Home LGBTQ: fede, diritti, lotta all'omofobia Un telepredicatore da strapazzo

Un telepredicatore da strapazzo

Daniela Tuscano
www.noisiamochiesa.org

Celentano ci ha irritato parecchio. E’ stato inconcludente, pretenzioso, demagogico e banale; anche terribilmente inesatto, perché ha voluto elargire perle di saggezza, persino di teologia, su temi che manifestamente non conosce. Stendiamo poi un pietoso velo sull’orribile siparietto con Morandi e Pupo, allestito al probabile scopo di ricordare di pagare il canone Rai e tirare la volata al libro del Ghinazzi, in uscita in questi giorni da Rizzoli.

Diciamo pure basta all’anticlericalismo raffazzonato, anch’esso demagogico, approssimativo, inconcludente che ha applaudito le sparate “anticattoliche” del già bigotto Celentano, considerandole nientemeno che appelli alla rivoluzione.

E veniamo all’invocata chiusura dei giornali cattolici, come Famiglia Cristiana e Avvenire, rei di non occuparsi del Paradiso, ma di politica.

Famiglia Cristiana è nata nel 1931. Accostarla ad Avvenire è insensato, perché il secondo è la voce ufficiale della Cei, il primo si è occupato molto spesso proprio degli argomenti che secondo il Celentano-pensiero verrebbero trascurati dalla Chiesa stessa. Sul campo dell’immigrazione, dei diritti umani, sono stati scritti dei pezzi di ottimo giornalismo.

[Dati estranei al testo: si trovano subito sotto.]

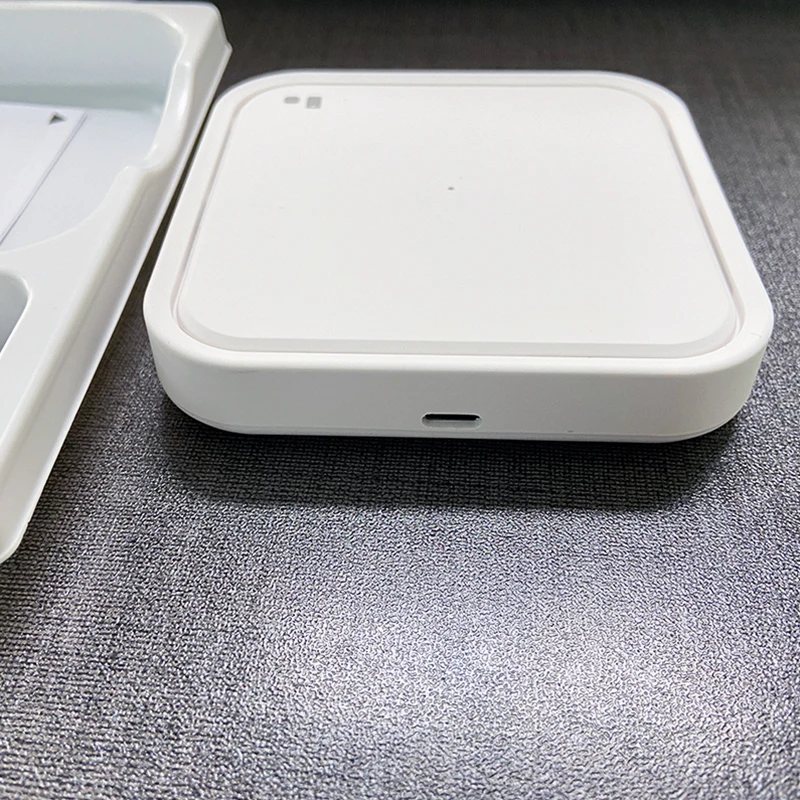 Ultra-Fast 15W Wireless Charging Pad by Samsung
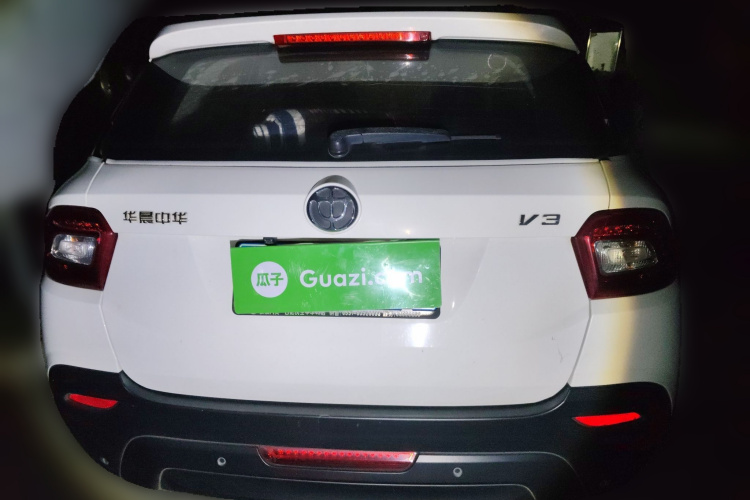 中华V3 2016款 1.5L 手动舒适型车身外观6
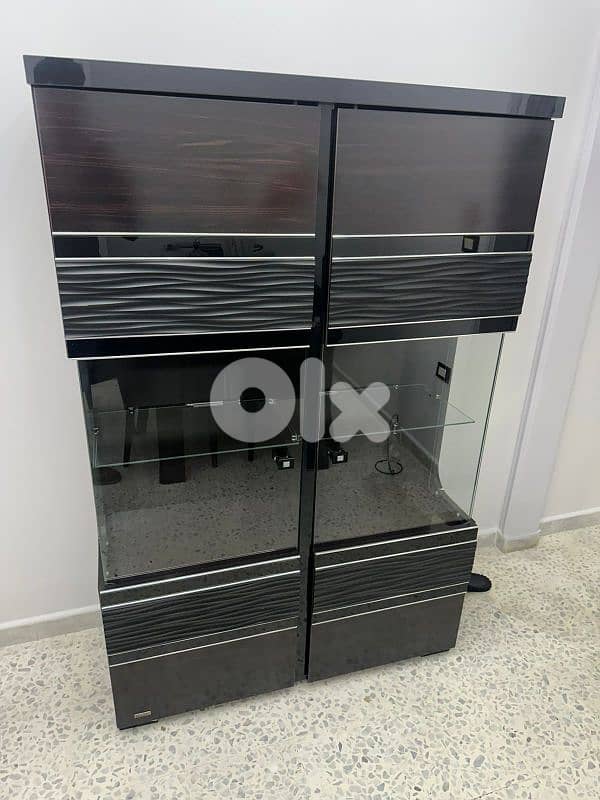 اوضة سفرة مودرن ست كراسي كتير مرتبة ونظيفة 9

Inoltre, FC è stato uno dei giornali cattolici più apertamente antiberlusconiani che siano mai circolati, non a caso inviso a molti rappresentanti del precedente governo, dall’ateo devoto Ferrara ai ciellini, allo stesso Berlusconi. Taluni lo definivano apertamente “non cattolico”. E qualche zelante parroco consiglia caldamente alle proprie pecorelle trepide e smarrite di non leggere il funesto magazine, che nel ’93 pubblicò addirittura un numero monografico dedicato all’omosessualità. Celentano dov’era?

Ora, a parte che invocare la chiusura di giornali, a meno non si tratti di nazisti, non ci sembra una grande prova di democrazia (avremmo applaudito se un Pupo, per citare un tale che recitava goffamente il controcanto di “destra”, avesse sbraitato di far chiudere, che so, “Il Fatto Quotidiano” ?) E quando La Russa pretendeva le stesse misure repressive? A parte ciò, dicevamo, sa Celentano che FC si occupa regolarmente, o molto spesso, proprio dei preti di strada (e non solo di don Gallo)?

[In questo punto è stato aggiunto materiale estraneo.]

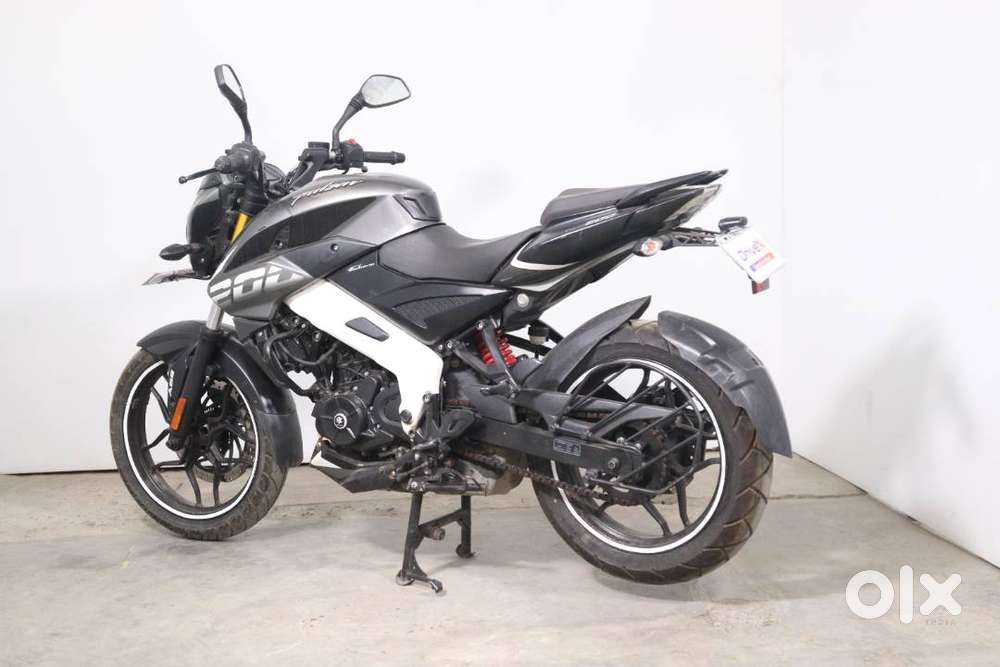 5914 BAJAJ PULSAR NS200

Perché anche qui sfugge un particolare fondamentale. Don Gallo, che molti di noi si onorano di conoscere da molti anni, quando ancora non andava “di moda” e Celentano si limitava a cantare e a intessere l’elogio di Berlusconi (proprio così: all’inizio lo definiva affettuosamente “Silvio, un ragazzo della via Gluck”), don Gallo è senza dubbio un rivoluzionario; ma lo è GRAZIE al suo cristianesimo e non MALGRADO esso. La prima preoccupazione che muove don Andrea non è politica ma religiosa. In tal senso non è, né vuol essere un prete strano, per usare le parole d’un altro dissidente, non certo amato dalla gerarchia ecclesiastica, don Lorenzo Milani.

Abbiamo criticata più volte la politica vaticana. Ma, proprio perché l’argomento è importante, occorre affrontarlo con serietà, o si rischia di far la figura dei polemici disinformati. Sappiamo bene che molti avrebbero applaudito qualsiasi invettiva, più o meno strampalata, contro la Chiesa solo perché si trattava della Chiesa. Sorge il sospetto che Celentano abbia attaccato FC, Avvenire e Aldo Grasso principalmente a causa delle critiche al suo cachet.

Ci piacerebbe si concedesse, magari non solo da parte di FC, maggiore spazio alle voci autenticamente dissidenti, cui di norma non si concedono le prime pagine dei giornali e che, nonostante ciò, continuano a lavorare e a elargire il loro indispensabile contributo alla costruzione d’una società meno iniqua, senza impalcarsi a predicatori da pulpiti improvvisati.